The global supply chain shocks as a result of the Iran conflict and Strait of Hormuz access restrictions will become increasingly apparent over the weeks and months ahead. For customers and retailers, the consequences will not be abstract or distant. They will be felt directly on shelves, in availability, and ultimately in household budgets. As with previous shocks, retailers will be the public-facing point at which geopolitical instability translates into everyday cost pressure for customers.

From the customer’s perspective, inflationary pressure that was beginning to abate will intensify again1. Recent history suggests that, in these conditions, customers adapt quickly. They trade down, substitute brands, visit discounters more and become more selective about where they spend, with pressure greatest on those households already struggling with the cumulative impact of cost-of-living pressures.

 

Data-informed precision response

Retailers therefore face a strategic choice. Those that respond mechanically, passing through cost increases without discrimination, may protect margins in the short term but risk long-term erosion to trust and loyalty. The more effective response is to use customer insight with far greater precision: Understanding ‘substitutability’ when stock is constrained, protecting prices where customers are more sensitive or are least willing or able to compromise, and using segmentation and CRM to predict which customers may need greatest support and to deliver it to them.

During earlier periods of disruption, retailers that clearly identified critical products and moments for customers and took deliberate decisions to protect value in those areas, emerged in better shape once conditions stabilised. The lesson is not simply to absorb cost, even if that were sustainable, but to choose carefully where it is borne, always guided by customer need.

For retailers themselves, the challenge extends beyond the customer proposition. The broader retail ecosystem will be under significant strain. Manufacturers may seek price increases to reflect higher input and transport costs, while supply consistency will become harder to guarantee. Margin pressure and stock risk will rise together, placing further stress on already squeezed P&Ls.

 

Customer remains the north star

In this environment, securing volume becomes as important as managing cost. Supply chain operations will need to build up stock resilience and assess options for further efficiencies. Retailers will need to deepen joint business planning with suppliers, prioritise critical trading periods such as Christmas, and be more selective about where they deploy capital and space.

This is also a moment to think more deeply about options away from core - how can innovation be sustained, how can retail media and insight be used as levers with suppliers to win.

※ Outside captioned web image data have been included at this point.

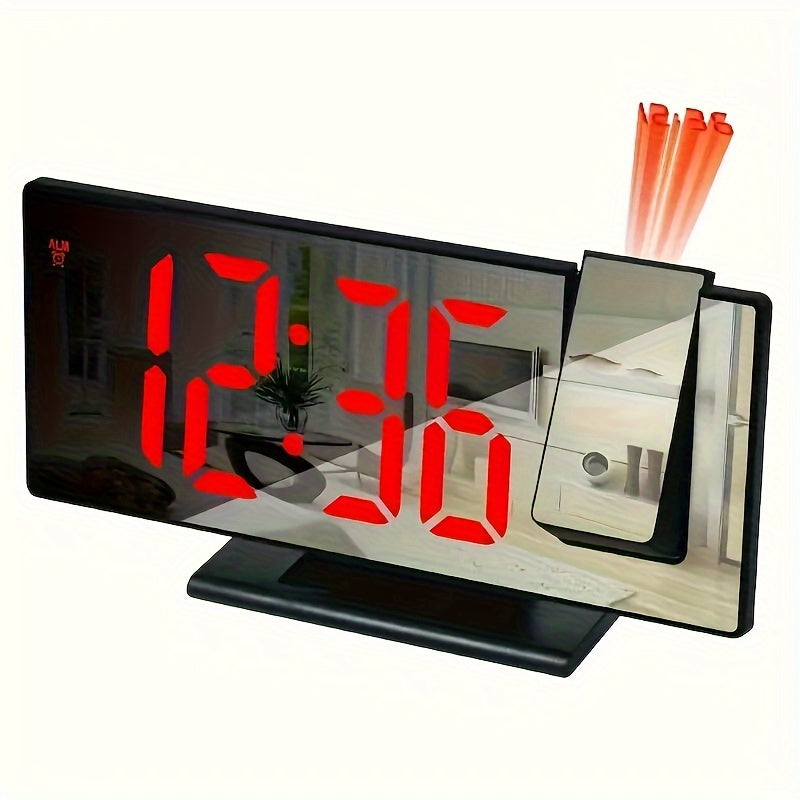 Digital projeksjonsvekkerklokke – Stort LED-display og multifunksjonell alarm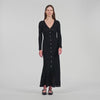 Sabah Fancy Knit Maxi Dress Black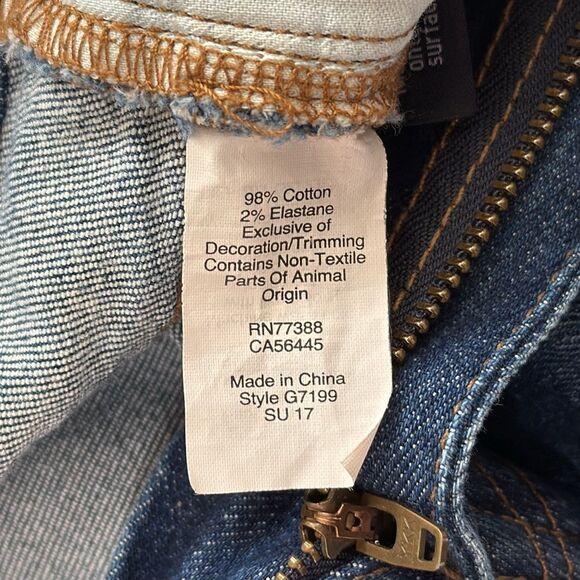 Madewell Blue The High Rise Slim Boy Jean Sz 32 - Picture 7 of 10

Periods of disruption, even acute events such as we are experiencing, expose what a business truly stands for. These endeavours are all in support of what should be a renewed focus on a simple principle: the customer remains the north star.

Retailers that stay close to their customers, support them through necessity rather than rhetoric, and manage their ecosystems with discipline and foresight will not avoid difficulty − but they will be better placed to earn loyalty that endures beyond the crisis.